La ceguera de Michelle Bachelet

La presidenta chilena es una cómoda compañera de ruta para las autoridades de la Isla, porque nunca les ha hecho críticas públicas ni reclamos democráticos

Michelle Bachelet, la presidenta de Chile, tiene un viejo compromiso sentimental con el castrismo. (EFE)
Michelle Bachelet, la presidenta de Chile, tiene un viejo compromiso sentimental con el castrismo. (EFE)
Yoani Sánchez

07 de enero 2018 - 21:43

La Habana/Hace nueve años Michelle Bachelet se encontró con Fidel Castro en medio de su convalecencia. La mandataria chilena salió de aquella cita afirmando que había visto al expresidente ágil y “manejando mucha información”. Sus palabras fueron utilizadas por la Plaza de la Revolución para propagar una mentira: que el Comandante en Jefe gozaba de buena salud.

Este enero, una nueva visita de Bachelet puede prestarse para difundir otra falacia: que el Gobierno de Raúl Castro cuenta todavía con numerosos aliados en la región más allá de sus incondicionales Nicolás Maduro, Daniel Ortega y Evo Morales, cuando en realidad el círculo de camaradas en América Latina se muestra muy reducido, como nunca antes en la última década.

La líder chilena ha llegado este domingo a Cuba para cerrar un ciclo de fidelidad que tiene más de apego emocional que de pragmatismo político

A pocas semanas de entregar la banda presidencial a Sebastián Piñera, la líder chilena ha llegado este domingo a Cuba para cerrar un ciclo de fidelidad que tiene más de apego emocional que de pragmatismo político. Su cercanía a La Habana está marcada por una nostalgia ideológica que le nubla la vista para reconocer la falta de derechos que marca la vida de los cubanos.

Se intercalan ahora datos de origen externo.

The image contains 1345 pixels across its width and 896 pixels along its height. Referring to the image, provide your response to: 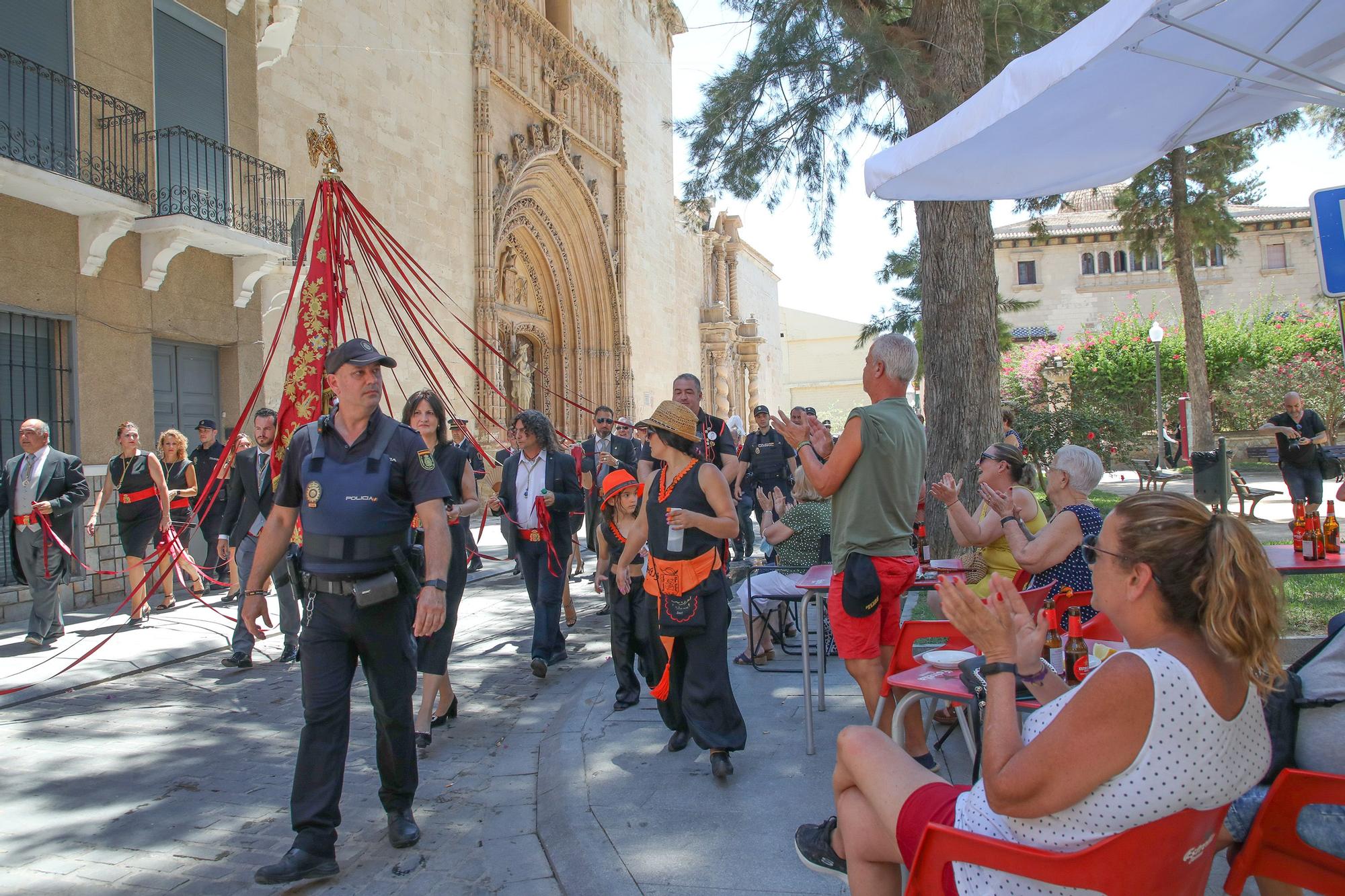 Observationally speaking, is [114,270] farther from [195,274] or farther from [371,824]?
[371,824]

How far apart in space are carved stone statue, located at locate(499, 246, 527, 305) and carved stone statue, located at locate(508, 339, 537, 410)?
107 cm

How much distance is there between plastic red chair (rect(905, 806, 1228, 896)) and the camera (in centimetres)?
193

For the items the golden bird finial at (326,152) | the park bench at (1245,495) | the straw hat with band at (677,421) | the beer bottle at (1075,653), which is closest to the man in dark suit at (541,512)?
the golden bird finial at (326,152)

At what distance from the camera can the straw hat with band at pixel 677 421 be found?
4.54m

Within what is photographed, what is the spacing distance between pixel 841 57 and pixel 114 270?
8.28 meters

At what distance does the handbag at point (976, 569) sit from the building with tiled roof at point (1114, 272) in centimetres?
4544

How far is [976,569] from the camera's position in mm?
5105

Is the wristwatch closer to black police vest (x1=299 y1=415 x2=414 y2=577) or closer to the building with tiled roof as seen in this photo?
black police vest (x1=299 y1=415 x2=414 y2=577)

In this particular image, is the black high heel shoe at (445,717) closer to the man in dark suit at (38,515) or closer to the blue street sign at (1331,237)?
the man in dark suit at (38,515)

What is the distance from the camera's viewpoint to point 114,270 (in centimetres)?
1051

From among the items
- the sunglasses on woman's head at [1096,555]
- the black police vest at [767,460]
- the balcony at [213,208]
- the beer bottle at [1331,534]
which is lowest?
the beer bottle at [1331,534]

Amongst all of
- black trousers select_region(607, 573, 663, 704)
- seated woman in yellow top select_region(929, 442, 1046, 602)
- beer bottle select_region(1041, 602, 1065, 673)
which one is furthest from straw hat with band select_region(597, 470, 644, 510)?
beer bottle select_region(1041, 602, 1065, 673)

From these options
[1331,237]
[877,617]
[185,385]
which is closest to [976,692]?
[877,617]

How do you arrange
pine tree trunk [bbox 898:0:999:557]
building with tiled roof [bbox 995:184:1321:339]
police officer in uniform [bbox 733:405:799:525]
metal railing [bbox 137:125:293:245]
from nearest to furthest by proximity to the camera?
pine tree trunk [bbox 898:0:999:557] < metal railing [bbox 137:125:293:245] < police officer in uniform [bbox 733:405:799:525] < building with tiled roof [bbox 995:184:1321:339]
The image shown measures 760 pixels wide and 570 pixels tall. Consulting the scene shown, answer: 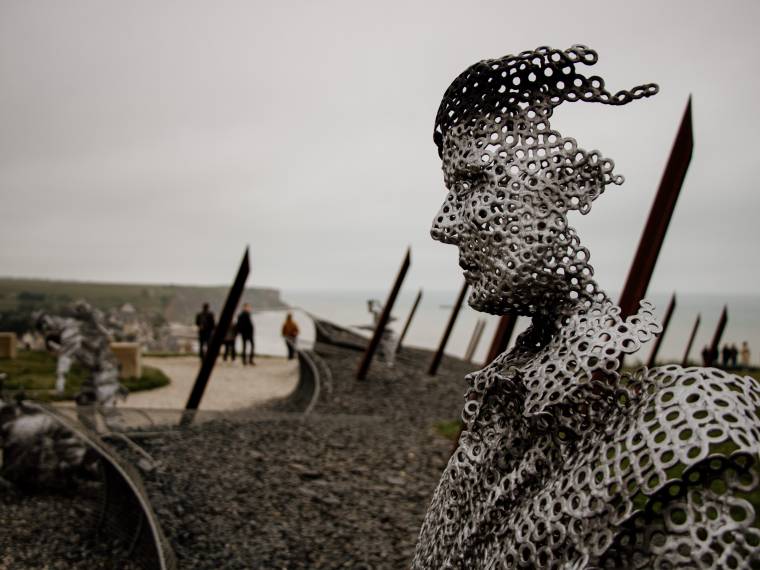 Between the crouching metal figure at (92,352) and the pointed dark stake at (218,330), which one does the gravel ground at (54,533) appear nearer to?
the pointed dark stake at (218,330)

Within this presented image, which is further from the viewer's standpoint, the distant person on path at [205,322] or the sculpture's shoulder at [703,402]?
the distant person on path at [205,322]

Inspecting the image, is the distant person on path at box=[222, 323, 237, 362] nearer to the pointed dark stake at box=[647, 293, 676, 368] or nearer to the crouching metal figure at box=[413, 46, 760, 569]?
the pointed dark stake at box=[647, 293, 676, 368]

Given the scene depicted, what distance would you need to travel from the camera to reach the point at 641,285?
14.0 ft

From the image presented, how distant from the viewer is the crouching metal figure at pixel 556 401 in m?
1.74

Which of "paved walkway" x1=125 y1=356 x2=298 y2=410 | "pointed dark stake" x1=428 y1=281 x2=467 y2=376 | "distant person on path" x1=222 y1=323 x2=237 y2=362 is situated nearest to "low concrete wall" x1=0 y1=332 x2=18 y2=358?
"paved walkway" x1=125 y1=356 x2=298 y2=410

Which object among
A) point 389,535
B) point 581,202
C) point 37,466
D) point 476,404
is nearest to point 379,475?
point 389,535

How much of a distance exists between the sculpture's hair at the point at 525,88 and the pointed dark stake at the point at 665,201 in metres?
2.36

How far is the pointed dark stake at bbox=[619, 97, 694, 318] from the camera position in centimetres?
440

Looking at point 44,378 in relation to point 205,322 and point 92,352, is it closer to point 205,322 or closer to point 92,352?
point 205,322

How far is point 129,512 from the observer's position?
4.99 meters

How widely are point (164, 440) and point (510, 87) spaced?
15.1ft

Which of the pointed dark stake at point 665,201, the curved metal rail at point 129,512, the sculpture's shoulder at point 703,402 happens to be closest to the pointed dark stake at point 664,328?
the pointed dark stake at point 665,201

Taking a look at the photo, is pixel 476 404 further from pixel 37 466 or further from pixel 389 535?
pixel 37 466

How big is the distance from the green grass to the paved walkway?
326 millimetres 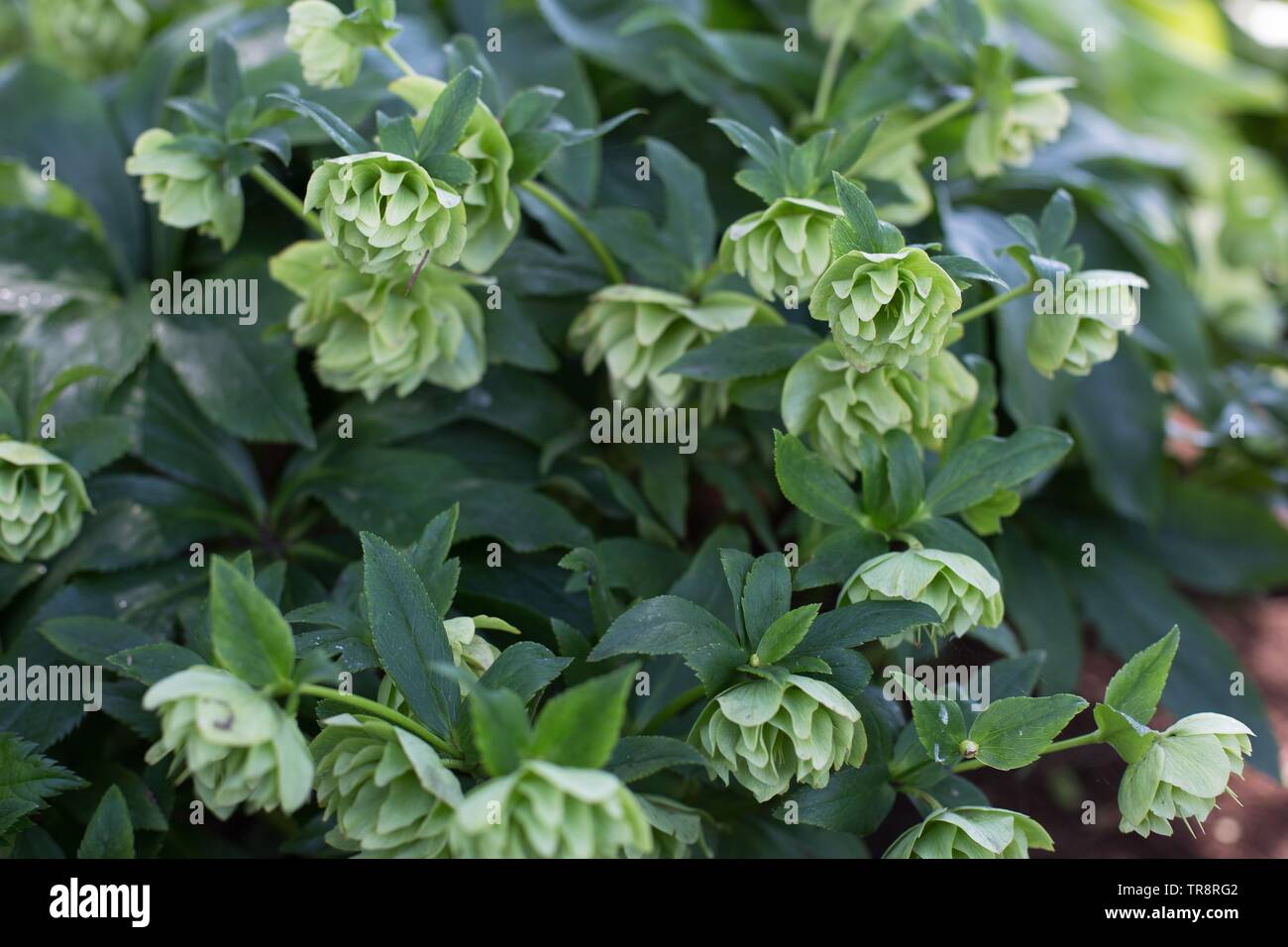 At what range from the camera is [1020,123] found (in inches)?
36.2

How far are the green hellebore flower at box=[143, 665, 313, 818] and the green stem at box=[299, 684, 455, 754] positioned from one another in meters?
0.02

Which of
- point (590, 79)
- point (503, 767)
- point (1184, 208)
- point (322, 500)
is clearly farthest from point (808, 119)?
point (1184, 208)

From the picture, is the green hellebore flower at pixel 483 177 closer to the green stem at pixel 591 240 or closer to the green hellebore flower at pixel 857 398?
the green stem at pixel 591 240

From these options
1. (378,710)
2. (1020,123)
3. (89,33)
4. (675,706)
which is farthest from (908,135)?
(89,33)

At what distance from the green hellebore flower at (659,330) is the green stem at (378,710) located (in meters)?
0.31

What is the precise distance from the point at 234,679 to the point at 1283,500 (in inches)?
46.7

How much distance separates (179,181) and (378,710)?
44 cm

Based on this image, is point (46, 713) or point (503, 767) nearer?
point (503, 767)

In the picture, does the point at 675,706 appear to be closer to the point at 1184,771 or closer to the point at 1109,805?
the point at 1184,771

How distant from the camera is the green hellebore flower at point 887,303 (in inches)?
24.7

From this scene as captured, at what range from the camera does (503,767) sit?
1.73 ft

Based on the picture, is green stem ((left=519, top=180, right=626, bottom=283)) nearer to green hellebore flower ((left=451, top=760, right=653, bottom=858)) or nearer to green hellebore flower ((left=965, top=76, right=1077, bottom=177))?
green hellebore flower ((left=965, top=76, right=1077, bottom=177))

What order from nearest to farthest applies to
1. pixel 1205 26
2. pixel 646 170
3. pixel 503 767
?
pixel 503 767 → pixel 646 170 → pixel 1205 26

Bachelet es una cómoda compañera de ruta para las autoridades de la Isla, porque nunca les ha hecho críticas públicas ni reclamos democráticos. Uno de los pocos exabruptos ocurridos entre ambos Gobiernos lo ocasionó Fidel Castro, cuando tras la visita de la presidenta en 2009 abogó por una salida al mar de Bolivia y la chilena manifestó su molestia por aquellas declaraciones.

En cada uno de sus dos mandatos Bachelet evitó mostrar simpatías por la causa de los disidentes cubanos y declinó cualquier contacto con los innumerables activistas isleños que visitaron su país en los últimos años. De su boca jamás brotó una condena contra la represión política que ejecuta sistemáticamente Raúl Castro, ni siquiera cuando las víctimas han sido mujeres.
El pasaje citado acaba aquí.